Already responsibility for a range of services such as libraries, council house maintenance, youth services, leisure centres, parks and refuse collections have been handed to the ten district committees to run as they see fit.
And now a select committee has been set up to see what more could be done to move the city towards the 80 per cent level.
Chairing the inquiry is Coun Lisa Trickett (Lab Moseley and Kings Heath) who pointed out that Birmingham, as the largest local authority in Europe responsible for more than one million citizens, is larger than many small countries.
Coun Trickett said: “Birmingham is the largest local authority in Europe, the size of many equivalent UN states – the one size fits all approach cannot work given our size and complexity.
“We have to build a new settlement with local communities where we together understand the strengths and opportunities in our localities, and establish how we can best work together to protect and improve key services and secure opportunity.
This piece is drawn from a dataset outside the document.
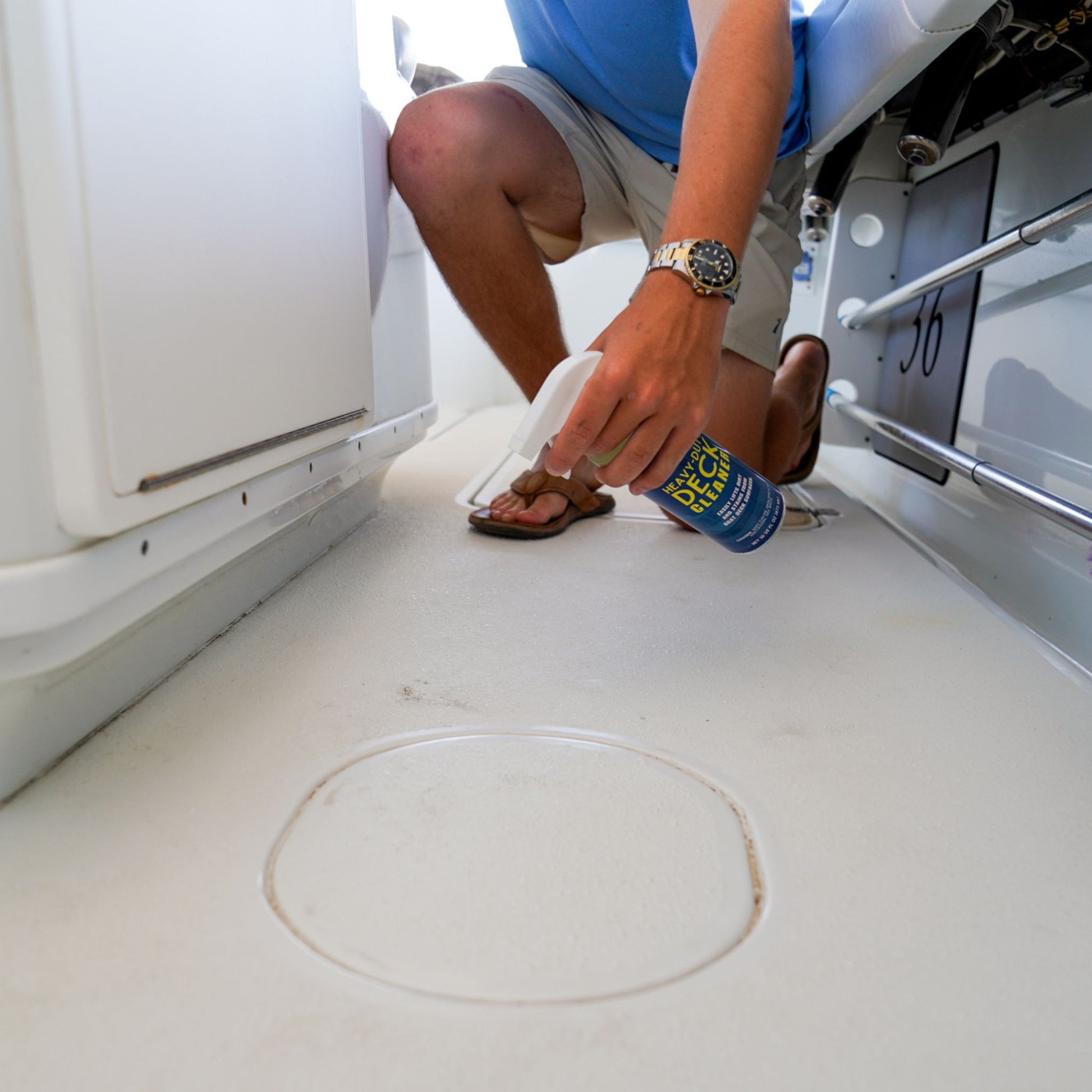 Using Captain's Fury Deck Cleaner on a dirty boat deck.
“Our devolution programme is not a paper exercise; it is about a fundamental shift in power and cultural change.
‘‘I want to ensure that through the work of this committee we are all clear on the challenges before us and have in place the collective capacity and confidence to make it happen this time around.”
A member of the inquiry committee, Sutton Vesey councillor Rob Pocock, wrote in the Birmingham Post last week that he hoped the special status of Sutton Coldfield would be recognised and greater powers devolved to the Royal Town.
Called ‘Making it Real’ the inquiry is focused on how to make the seemingly abstract idea of devolution matter and relevant for residents.
Coun Bore added: “I welcome this inquiry and the opportunity it will provide to review our progress and generate new thinking and opportunities for delivering the UK’s most ambitious devolution programme for local government.”